The Nazis pursued Alliance spies relentlessly, yet Fourcade evaded capture and even escaped from their clutches — twice. “Because she was a woman,” Olson writes, she knew she would be underestimated, “a miscalculation on which she was determined to capitalize,” according to the release.
Olson’s body of work on Britain and America before and during World War II has earned her international praise. U.S. Secretary of State Madeleine Albright deemed her “our era’s foremost chronicler of World War II politics and diplomacy,” according to the release.
Olson is the author of the national bestseller “Citizens of London,” “Last Hope Island,” “Troublesome Young Men” and “Those Angry Days: Roosevelt, Lindbergh and America’s Fight Over World War II, 1939–1941,” an instant New York Times bestseller and a New York Times Notable Book.
Born in Hawaii, Olson graduated magna cum laude from the University of Arizona.
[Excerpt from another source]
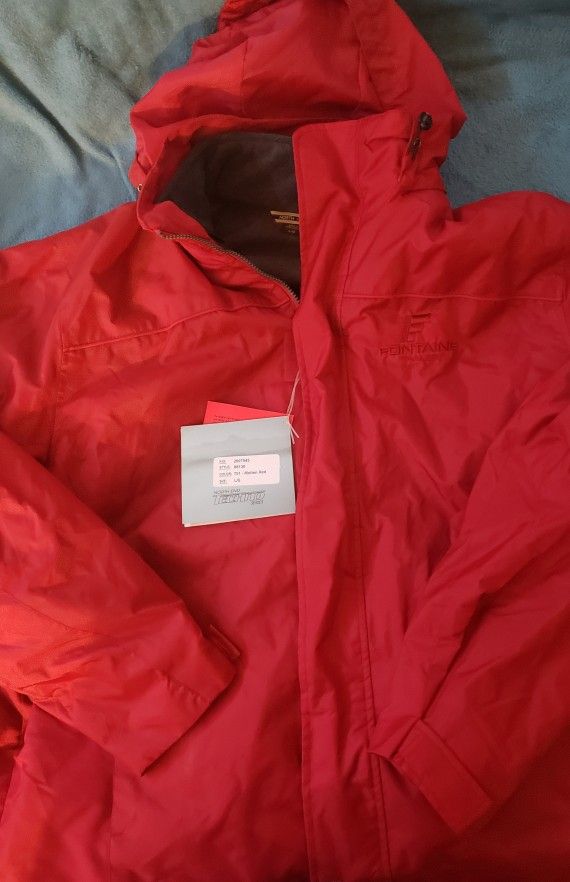 Winter Coat Lot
Before her days of novels, she worked as a journalist with the Associated Press as a national feature writer in New York, a foreign correspondent in AP’s Moscow bureau, and a political reporter in Washington. She left the AP to join the Washington bureau of the Baltimore Sun, where she covered national politics and the White House.
Chats with Champions is a free community offering. This program is sponsored by Sherman’s Maine Coast Book Shop.